**Task objective**
From the first line to the last, copy the listing exactly and omit the pictures.

**Data supplied**
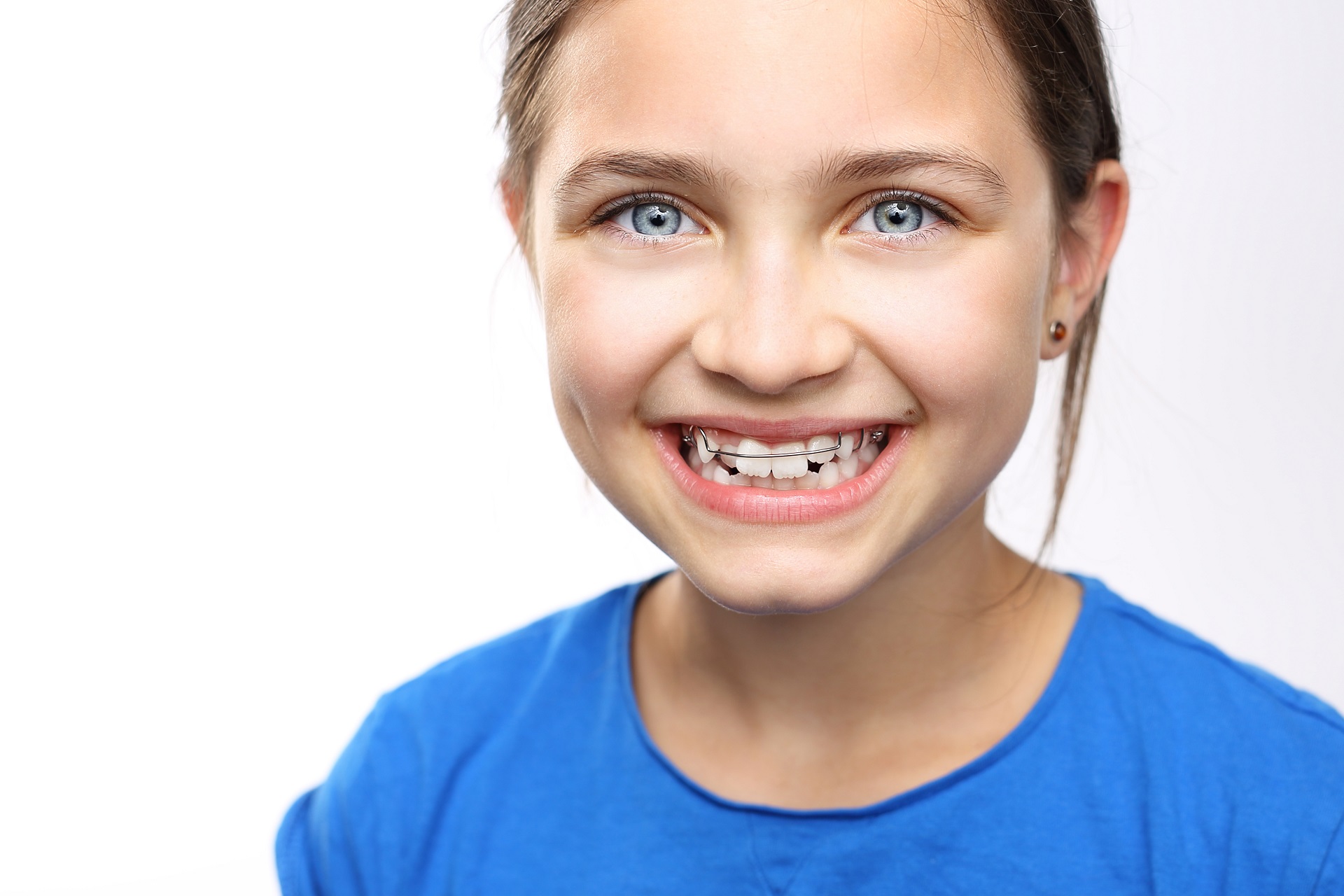 Do All Your Baby Teeth Need To Fall Out Before You Get Braces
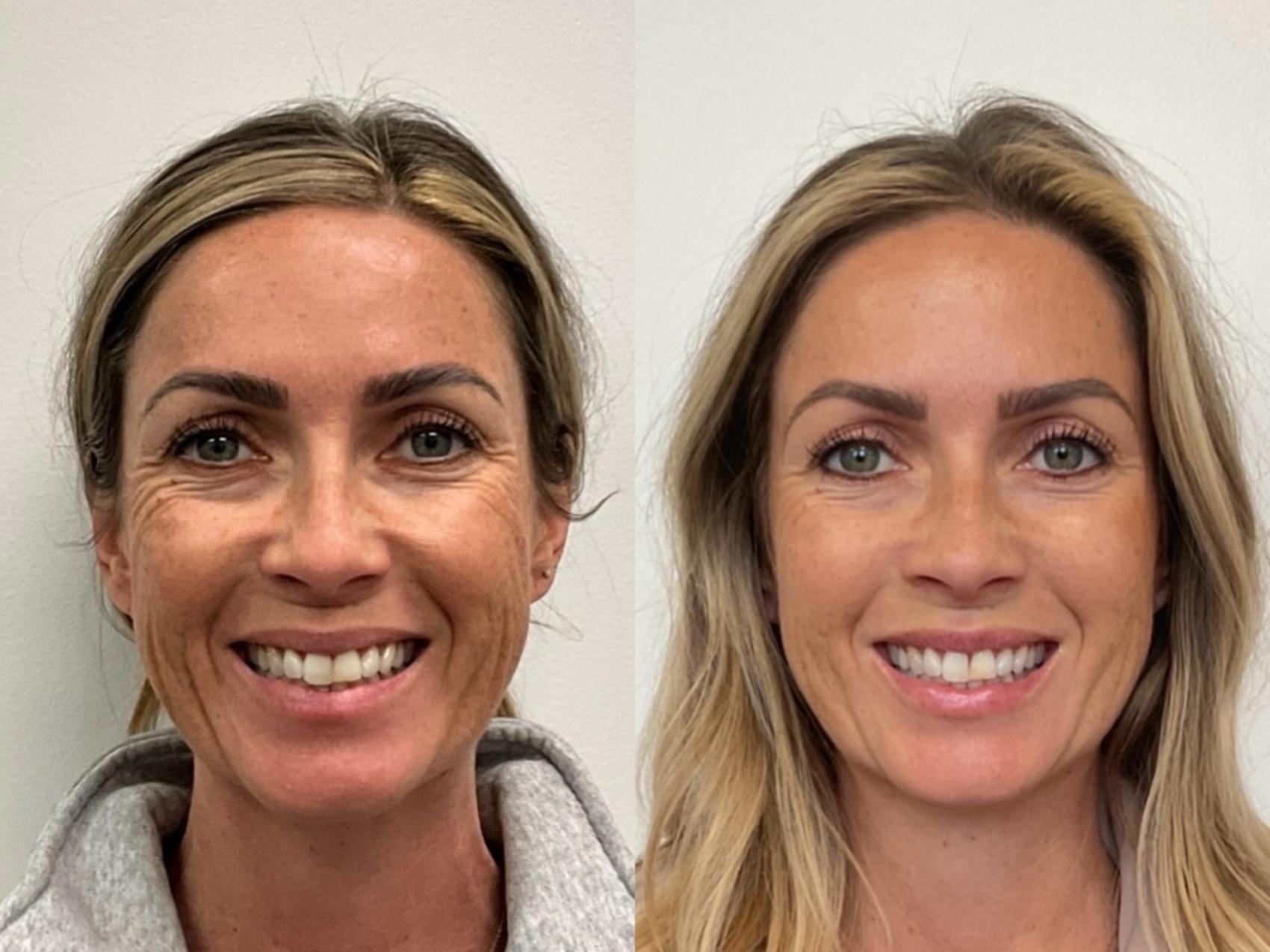 Before & After BOTOX® Cosmetic Result 1056 Front Smile View in San Diego, Carlsbad, CA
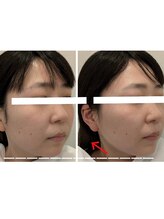 レベンディス(LEVENDIS)/レモンボトル★小顔脂肪分解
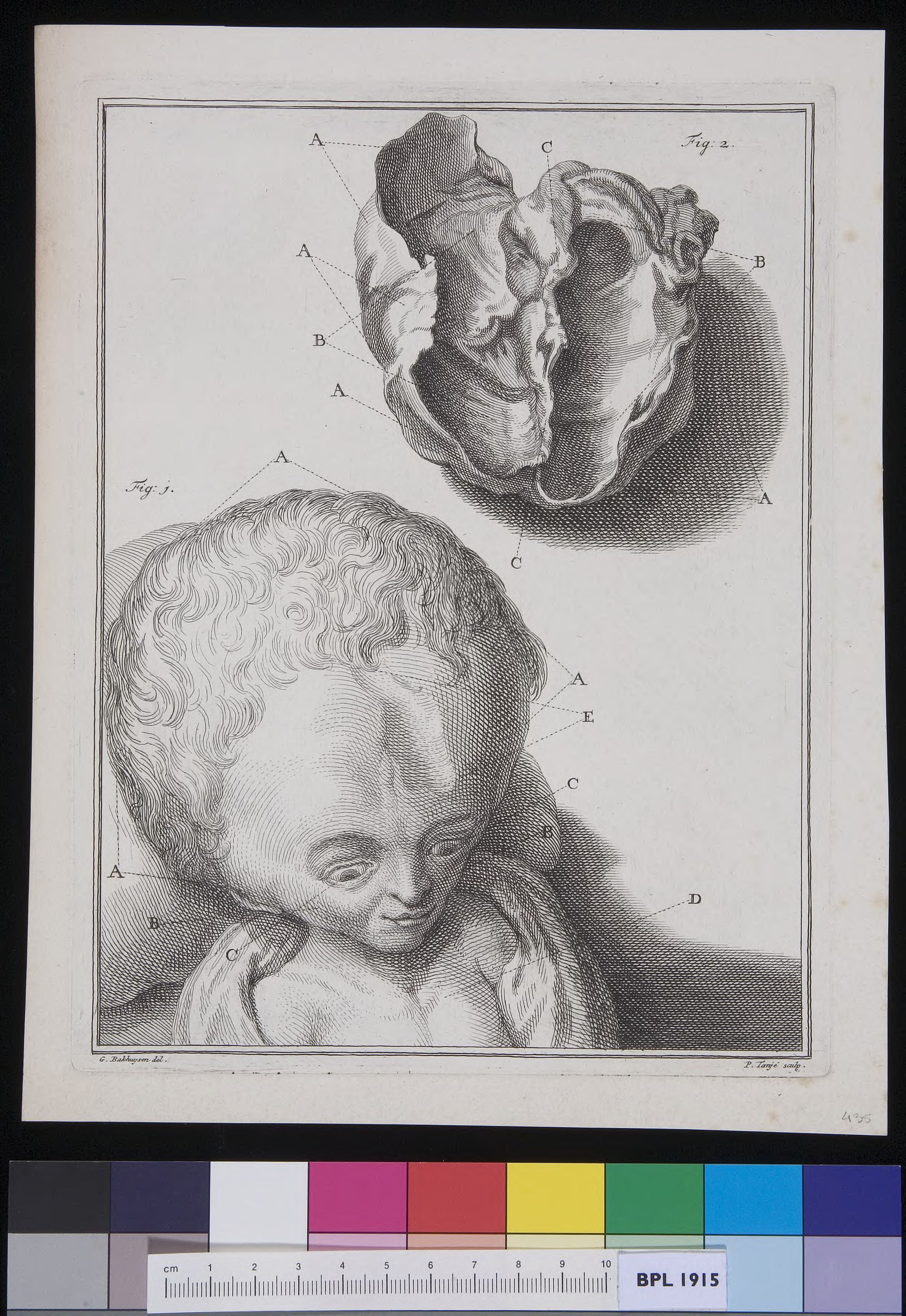 Child with hydrocephalus
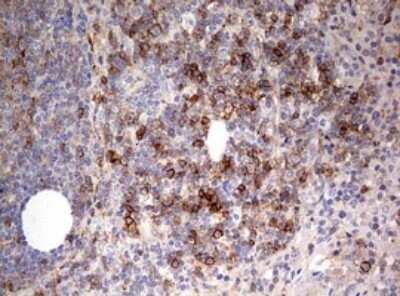 Immunohistochemistry: CD99 Antibody (OTI1D5) - Azide and BSA Free [NBP2-71197]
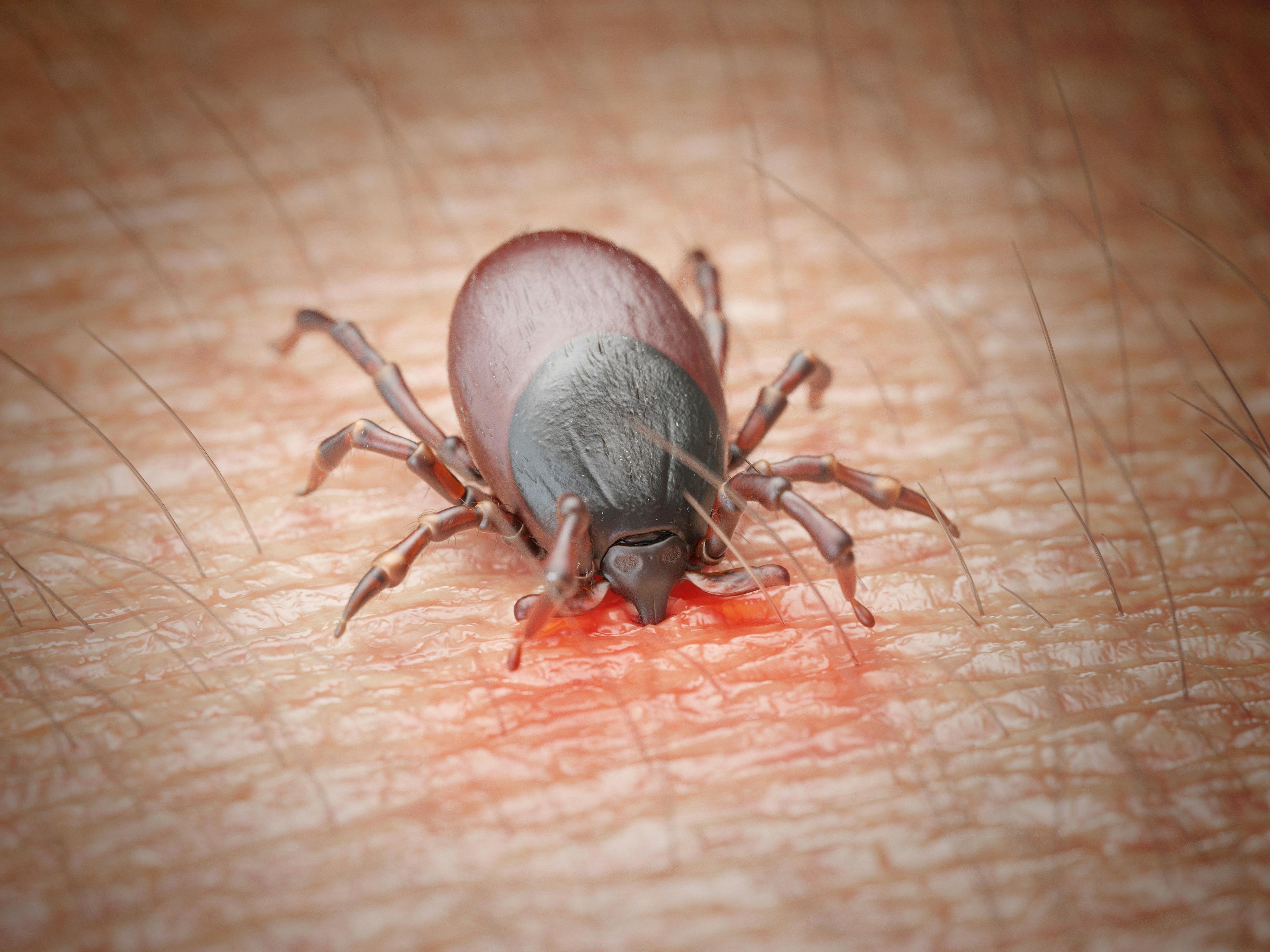 Lyme disease caused by tick bite.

**Problem solution**
 Do All Your Baby Teeth Need To Fall Out Before You Get Braces
 Before & After BOTOX® Cosmetic Result 1056 Front Smile View in San Diego, Carlsbad, CA
 レベンディス(LEVENDIS)/レモンボトル★小顔脂肪分解
 Child with hydrocephalus
 Immunohistochemistry: CD99 Antibody (OTI1D5) - Azide and BSA Free [NBP2-71197]
 Lyme disease caused by tick bite.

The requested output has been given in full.